**Problem statement**
Word for word, reproduce each line of the data below, omitting every image.

**Data**
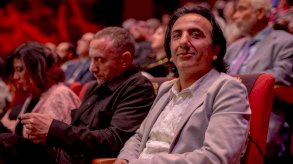 مهرجان الفيلم العربي في روتردام: ليلة افتتاحية مليئة بالثقافة والفن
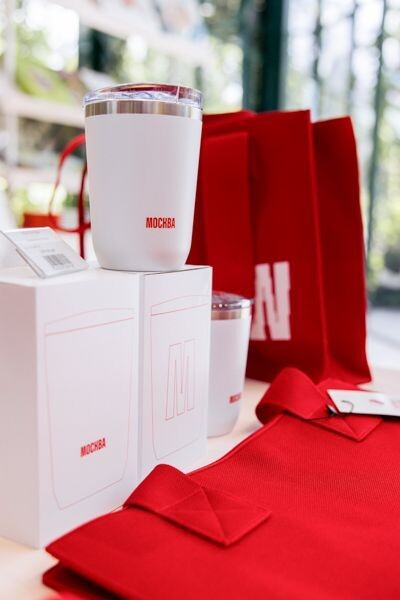    Москва запускает первую линию оригинальных сувениров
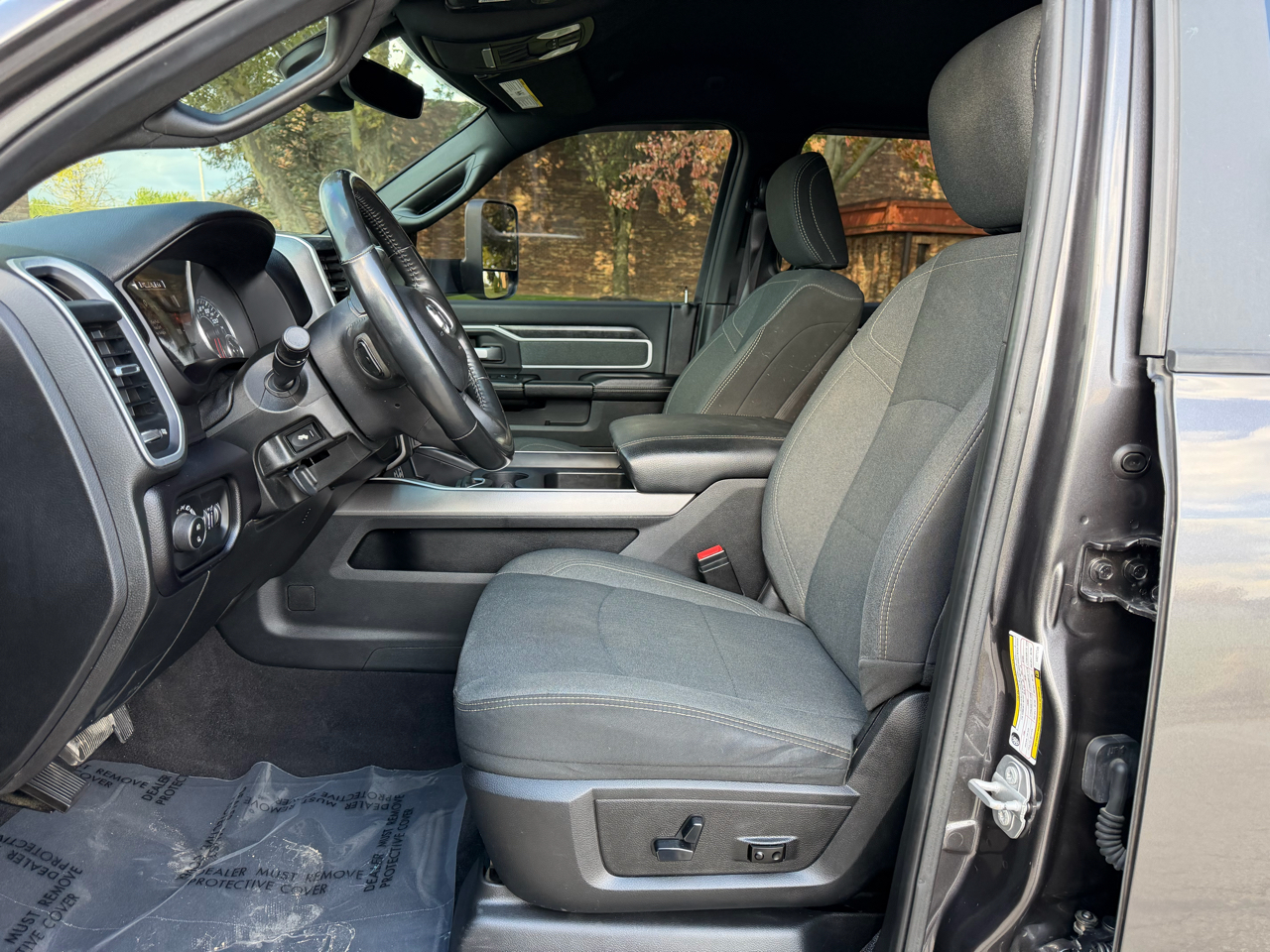 RAM 3500 Big Horn Crew Cab LWB 4WD DRW 2020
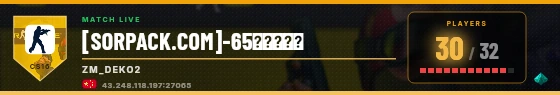 Scoreboard badge preview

**Response area**
 مهرجان الفيلم العربي في روتردام: ليلة افتتاحية مليئة بالثقافة والفن
    Москва запускает первую линию оригинальных сувениров
 RAM 3500 Big Horn Crew Cab LWB 4WD DRW 2020
 Scoreboard badge preview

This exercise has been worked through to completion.